Kavanagh is very adept at reflecting the common, everyday occurrences in the rural area of Monaghan in which he grew up. He writes in a direct way about his own experience with the land. He celebrates the beauty of nature’s commonplace things. And yet, a sense of loss also pervades much of his poetry.
In one of Kavanagh’s earlier poems, ‘Inniskeen Road: July Evening’, he stands on his mile of kingdom, insisting with pride, or perhaps defiance, that he is king of ‘banks and stones and every blooming thing’. The poem explores the nature of being a poet and in this regard, Kavanagh acknowledges the reality of his ‘plight’, in spite of the grandiose notion of poetic ‘contemplation’. The poet shares with us his deep sense of loss. It is a loss of companionship as others rush past him in ‘Twos and threes’. Other young men and women make no attempt to communicate with the poet who stands alone on the roadside. At the dance, he imagines their own coded communications, from which, once again, he is excluded. The hurt is felt as the poet stands in solitude, isolated from his community, with ‘no shadow thrown / That might turn out a man or woman’. Kavanagh has been reduced to being a spectator and he sees that this is the high price he must pay for his poetic gift. The bustle of the dance is in stark contrast to the silence of the mile of road where not even a ‘footfall’ can be expected.

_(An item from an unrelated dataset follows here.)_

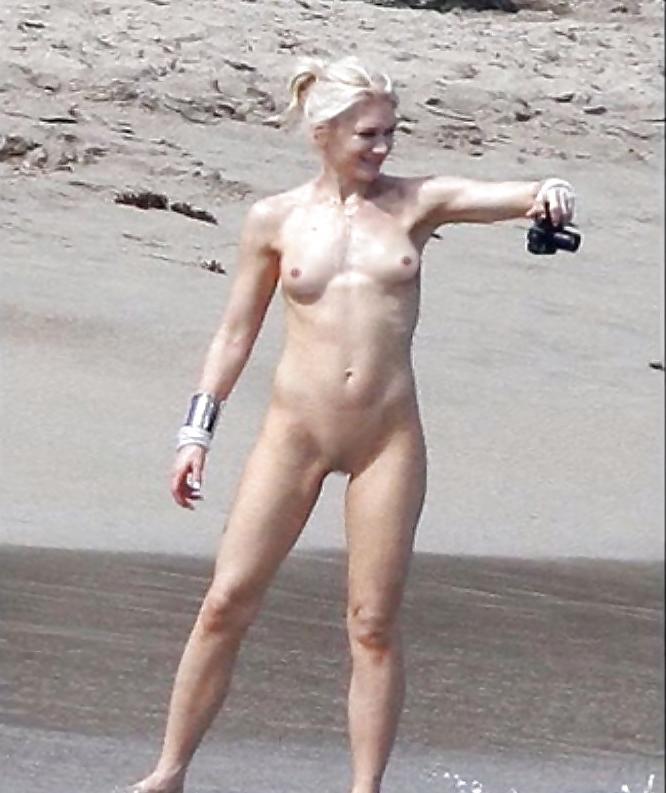 5P Gwen Stefani on a NUDE Beach!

The exploration of the loss of companionship is further developed in ‘The Great Hunger’. In this poem, Kavanagh explores and also explodes many of the romantic images of the simple, contented rural peasant in Ireland. He exposes the inadequacies of a social system which stifles the emotional and sexual needs of Patrick Maguire, who becomes entrapped by his clay bride, the land. Similar to the poet in ‘Inniskeen Road’, Maguire is unable to communicate his needs to others; his only reason for shouting at his farm labourers is to extend his orders for the day. He is bogged down in empty promises: ‘Who was it promised marriage to himself / Before apples were hung from the ceilings for Halloween’. He attempts to console himself for his loss of fertility, without wife, without children, pretending to his soul ‘That children are tedious in hurrying fields of April’.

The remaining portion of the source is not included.